Croeso2016
2016

Kenfig Controller's report

What went well
The 85 controls for Day 1 and the 94 used for Day 2 were all in the right place and none went missing, during the competition at least.

Despite the fears of the planning/controlling team about recent vegetation growth (particular in the south) slowing runners significantly, many courses were won in times close to the target times with some, indeed, beating the target by a good margin.

On Day 2, fifteen of the senior classes were won in a time within the target 30 to 35 minute bracket - a remarkable success!

The Controller and the two Planners worked well as a team, especially at the control placing/checking stage where the Planners put out all sites between them over a three day period, the Controller checked them all during this period, and all control boxes were "dibbed" on the morning of each race. It was a big task ...

Liaison with the two Day organisers (Matthew Owen and Pat McLeod) was excellent and helped smooth the development of the two Kenfig races. Site meetings were conducted at an early stage and logistics for the arena plan and Start arrangements were finalised well on schedule.

What could have been improved
Some of the supplied control stakes were already marked on their side with a control code which did not match the code given on the control descriptions, so the planners covered these numbers over with sticky labels. These proved to be not quite 100% opaque, so the (wrong) number underneath showed through as a ghostly grey. A few competitors approached the site, read the wrong code and then went away, losing a few minutes before eventually punching the SI box.

Although no competitor made an official Complaint about this, the site (control 186) was visited at the end of the competition and photographs of the control assembly taken. Whilst there was sympathy for the few competitors affected by this, the view of a group of experienced orienteers was that there should have been little or no cause for mistaking the code as

(a) the site was at the bottom of a depression and the (correct) number on the SI unit would have been clearly visible from above
(b) the Event Programme stated "the SI boxes will be on the top of stakes with the control number", i.e. the control code is officially the one on the top
(c) the "wrong" code only showed through as a faint grey whereas the "right" one was in strong black. The photograph shows this, although it has to be admitted that the camera has made "42" fainter than it appeared to the naked eye.

However, none of this would have happened had the number 42 been totally masked.

What went wrong
Course 13 (Orange; M/W12A; M/W14B) was clearly too hard and many competitors took much more time than they should have done. In particular, leg 6 to 7 on Day 1 was of TD4 standard and should never have slipped through the net. As Controller, the buck stops with me on this issue and I take full responsibility for the error. I fully apologise for what obviously went very wrong.

Updating the map
The first draft we had to work to came in February this year and showed Kenfig in winter conditions. We knew that the terrain would have a lot of seasonal water but we didn't appreciate just how much disappears in the summer until around Easter time. So we asked Dave Peel to come back and map it in summer conditions and this gave us the map you ran on.
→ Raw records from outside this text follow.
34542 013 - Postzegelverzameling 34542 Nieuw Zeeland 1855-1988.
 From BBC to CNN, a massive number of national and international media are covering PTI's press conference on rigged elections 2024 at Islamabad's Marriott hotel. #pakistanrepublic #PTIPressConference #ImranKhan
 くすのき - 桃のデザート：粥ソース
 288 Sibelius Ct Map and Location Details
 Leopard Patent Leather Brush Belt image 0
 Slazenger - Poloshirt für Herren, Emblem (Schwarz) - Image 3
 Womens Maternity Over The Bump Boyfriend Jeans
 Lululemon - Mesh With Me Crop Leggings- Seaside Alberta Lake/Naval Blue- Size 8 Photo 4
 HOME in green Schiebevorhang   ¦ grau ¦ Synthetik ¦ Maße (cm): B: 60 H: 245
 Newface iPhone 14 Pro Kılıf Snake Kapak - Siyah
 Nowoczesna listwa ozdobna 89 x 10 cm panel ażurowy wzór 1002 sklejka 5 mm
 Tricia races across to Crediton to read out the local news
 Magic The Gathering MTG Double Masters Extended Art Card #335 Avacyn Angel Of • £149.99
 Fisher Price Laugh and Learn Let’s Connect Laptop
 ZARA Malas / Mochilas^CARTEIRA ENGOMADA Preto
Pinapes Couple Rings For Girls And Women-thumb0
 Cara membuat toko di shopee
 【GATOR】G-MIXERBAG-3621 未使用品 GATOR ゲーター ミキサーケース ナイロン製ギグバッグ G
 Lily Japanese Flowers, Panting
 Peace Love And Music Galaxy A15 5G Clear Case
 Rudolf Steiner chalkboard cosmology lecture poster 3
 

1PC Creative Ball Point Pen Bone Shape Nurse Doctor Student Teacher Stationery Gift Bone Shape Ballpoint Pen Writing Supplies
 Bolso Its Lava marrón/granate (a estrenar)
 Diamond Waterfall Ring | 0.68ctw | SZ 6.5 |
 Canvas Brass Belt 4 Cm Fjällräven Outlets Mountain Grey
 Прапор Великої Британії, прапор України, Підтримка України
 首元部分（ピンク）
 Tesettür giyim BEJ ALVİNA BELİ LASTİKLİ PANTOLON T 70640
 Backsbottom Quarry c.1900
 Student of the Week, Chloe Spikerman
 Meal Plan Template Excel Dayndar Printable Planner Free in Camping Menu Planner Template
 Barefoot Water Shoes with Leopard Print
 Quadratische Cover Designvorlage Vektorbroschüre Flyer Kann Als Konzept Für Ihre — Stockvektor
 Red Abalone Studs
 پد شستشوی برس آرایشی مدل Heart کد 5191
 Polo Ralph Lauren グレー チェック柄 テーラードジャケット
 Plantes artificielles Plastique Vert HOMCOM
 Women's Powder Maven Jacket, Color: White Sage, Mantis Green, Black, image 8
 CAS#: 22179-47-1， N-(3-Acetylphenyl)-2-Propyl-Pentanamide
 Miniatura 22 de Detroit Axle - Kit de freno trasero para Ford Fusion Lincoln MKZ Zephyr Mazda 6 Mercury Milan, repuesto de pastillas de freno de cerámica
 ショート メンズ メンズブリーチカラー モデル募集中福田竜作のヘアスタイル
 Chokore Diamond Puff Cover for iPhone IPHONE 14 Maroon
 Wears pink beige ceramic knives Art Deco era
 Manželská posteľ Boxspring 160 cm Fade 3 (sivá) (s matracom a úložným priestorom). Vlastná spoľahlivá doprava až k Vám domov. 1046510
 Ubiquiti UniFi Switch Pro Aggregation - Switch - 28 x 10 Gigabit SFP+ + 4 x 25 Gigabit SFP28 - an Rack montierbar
The maps below show the original and final versions, left and right, with a section of the Day 1 M21L course visible. We were pleased with the number of long route choice legs we could design using the lakes as irregularly shaped "barriers" (e.g. 6 - 7), but frustrated when the water went and the leg became much more ordinary! Come back to Kenfig in the winter and have a new challenge!!

The Planners
Many, many thanks go to the two Planners (Alan Honey, Day 1 and Richard Cronin, Day 2) whose combined experience of previous planning and controlling was invaluable and which took a load off my own load.

Despite challenges of tapes not surviving, undergrowth springing up unexpectedly and the sheer amount of extra time needed in complex terrain such as Kenfig to check and re-check that each site is taped correctly, they never stinted and completed the tasks superbly and on time too.

It was a pleasure working with them.